March 12, 2012
On Barbecue, Jalapeno Peppers and Leeks
Fluffy Clouds After a Rain Storm
The Slow Growing Leeks
The Strident Anaheims and Simpering TomatoesThe rain clouds threatened all day and last night they finally gave into a downpour. My kind husband checked on my seedlings outside and brought them indoors before I even asked when phoning home from work. I had been leaving the leeks outside in their little styrofoam container and they are growing sooooo slowly. They are still very small very much in the new sprout stage but when they are as thick as a pencil they'll get planted in the dirty ground. Leeks are so easy to grow and yet they are expensive and rarely available at the grocery store so I choose to grow them rather than the onions which are cheap and prevalent. Strangely enough garlic and mushrooms are also expensive in this part of the US it seems like garlic is rarely used here at all whereas mushrooms are only used to make stuffed mushrooms. The food culture is interesting in this area where there's a Waffle House at every freeway exit and a barbecue joint on every corner. They use the same waffle irons you find in the continental breakfasts at cheap hotels so the waffles end up being thin without any kind of body or crunch because the teeth in the waffle iron aren't remotely deep enough. The barbecue served at the restaurants here consist mainly of cold greasy shredded pork that only taste of smoke served with a smidgen of innocuous and worst vacuous bottled barbecue sauce. But I do have a neighbor who is a gifted at grilling and his barbecued chicken and pork roast is utterly sublime, he even makes his own charcoal using only hickory wood. A very gifted man who has elevated a past time to the level of art. I grew up west where we barbecued whole pigs or half pigs in the Hawaiian manner using a pit in the ground, grilled up huge racks of beef ribs and roasts as well as pork roasts with the hot juicy meat soaked in spicy piquant homemade barbecue sauce.
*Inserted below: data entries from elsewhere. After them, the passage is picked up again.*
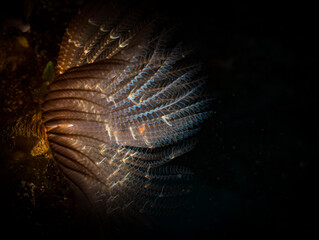 Feather duster worm (Sabellastarte spectabilis) on the reef off the Dutch Antilles island of Sint...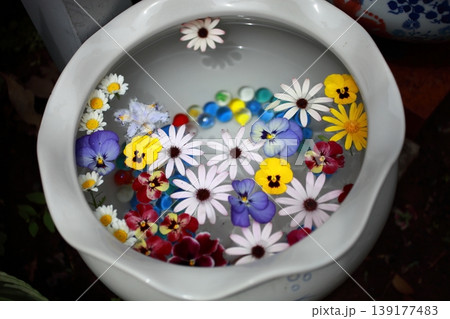 水鉢の花畑 139177483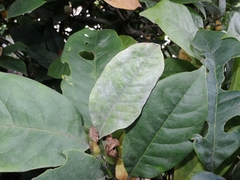 Erysiphe magnifica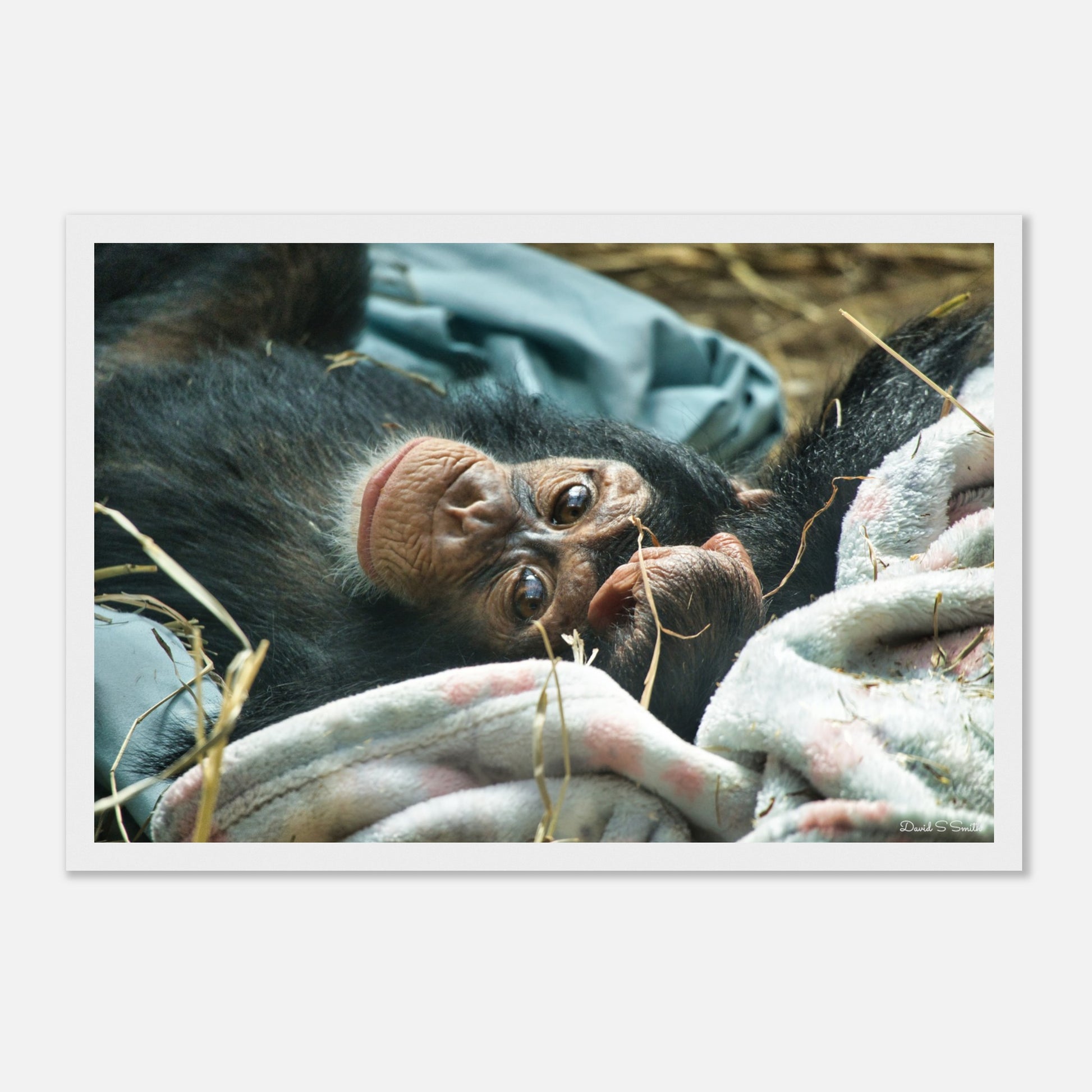 830a843b-6401-4345-a320-b6c5ccefcfb7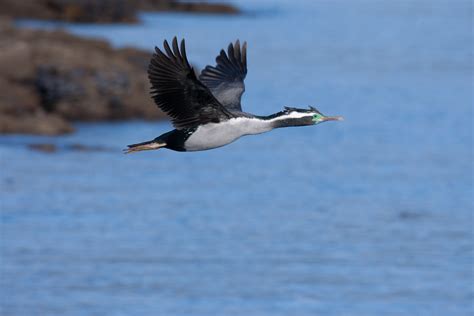 Spotted Shag Parekareka Strictocarbo Punctatus Spotted Flickr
On to other news. Not a single jalapeno pepper seed has sprouted, not even one and I used both newly bought seed as well as some old seed. It has been four weeks and eight serrano and eleven anaheim peppers have managed to sprout. Maybe the jalapenos need hotter soil temperatures to germinate. Buuuuut the seeds may have been accidently allowed to dry out once, maybe twice. Ugh, I'm so disappointed in myself especially since the salsa recipe I use for canning requires three different kinds of peppers anaheim, serrano, and jalapeno. Jalapeno peppers can have smooth skin or skin with scarring striations running down its length, many people prefer the striated jalapeno peppers because supposedly they are closer to being ripe and are that much hotter. I made salsa one year with serrano and jalapeno peppers that were allowed to ripen to red and boy was that salsa so deliciously hot it could set your mouth on fire.